Advanced custom lineage metadata ingestion

Version 1

    We saw in a previous article that we could document the transformation logic using custom metadata, in this article we will see how we can leverage EDC functionality to define with more detail and show the transformation logic more clearly in the catalog using the new custom metadata framework features available in 10.4.

    Define a model

    EDC has a pre-built model to derive from called ETL model, you can derive the model you want to use to represent your metadata from the ETL model.

     

    ETL Model

     

    • Derive the “ETL model” to create your Data Flow objects
      • Mapping instance will render source/target panel, Controlling asset panel

    Mapping overview

      • Transformations, Groups and Fields are secondary objects (not searchable, no overview)
    • Use associations to define lineage at multiple level (Summary, detailed, control)
      • core.DataSetDataFlow, Summary lineage association between 2 datasets (Tables, Views, etc)

     

    Summary lineage data set level

     

      • core.DirectionalDataFlow: Summary lineage association between 2 data elements (Table Columns, File Fields, etc)

     

    Summary lineage data element level

     

      • com.infa.ldm.etl.DetailedDataSetDataFlow: Transformation logic lineage association between 2 datasets, use com.infa.ldm.etlcore.Operation to document transformation.

     

    Detailed lineage dataset level

     

      • com.infa.ldm.etl.DetailedDataFlow: Transformation logic lineage association between 2 data elements use com.infa.ldm.etlcore.Operation to document transformation
      • com.infa.ldm.etl.DetailedDataSetDataElementDataFlow: Transformation logic lineage association between data element from data sets and transformation logic objects (e.g. mapping)

     

    Detailed lineage Datalement level

     

      • com.infa.ldm.etl.DetailedDataSetMappingSetDataFlow: Lineage association to render asset summary lineage and impact analysis.
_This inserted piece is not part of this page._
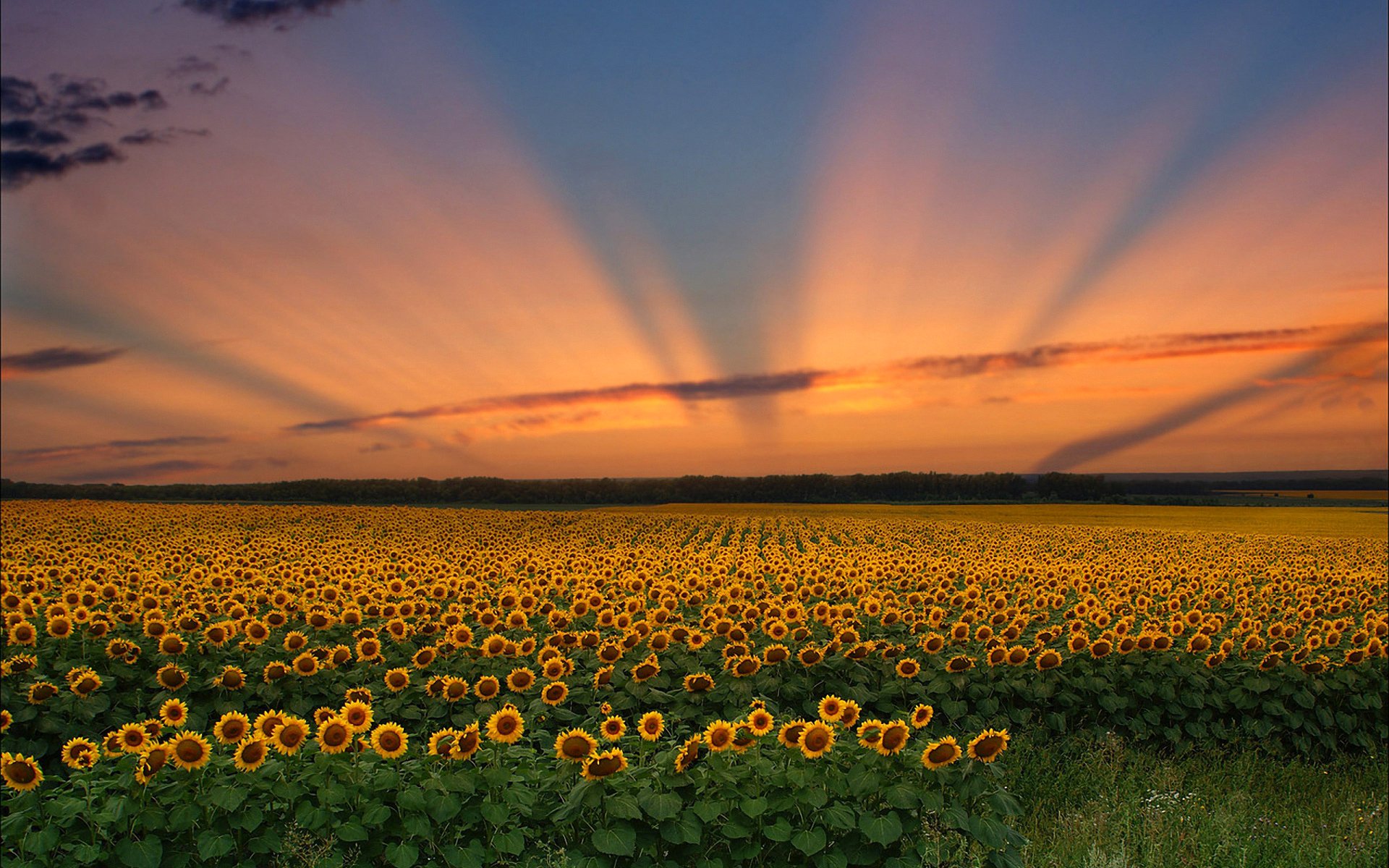 ciel nuages coucher de soleil champ fleurs tournesol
To be set between data sets (table, etc) and transformation logic object (e.g. mapping)

     

    Asset Summary lineage and impact

     

     

      • core.DataSetControlFlow: Lineage association to render asset control summary. To be set between data sets (table, etc)

     

    Control summary

     

     

    Build custom metadata

    To show how to build custom metadata we will work on an example. We define a custom model with the following package name: org.demo.custom.etl001 with the following classes with associated super class to inherit some of the behavior or the out-of-the-box ETL model:

    Class name

    Super Class

    Mapping

    1. com.infa.ldm.etlcore.Mapping, core.DataSet

    Transformation

    1. com.infa.ldm.etlcore.Transformation

    Group

    1. com.infa.ldm.etlcore.Group

    Field

    1. com.infa.ldm.etlcore.Field

     

    In addition, we also reuse icons from the out-of-the-box model in order to show an icons for the custom object we will be ingesting to the catalog. The model definition contains a zip file name icons.zip like:

     

    Model definition zip file

     

    Model definition zip file icons

     

     

    Define objects

    In our example, we want to represent a data mapping called “mapping_aggregatorTx” which is composed by 3 transformations and propagate the fields among those transformation with associated data transformation.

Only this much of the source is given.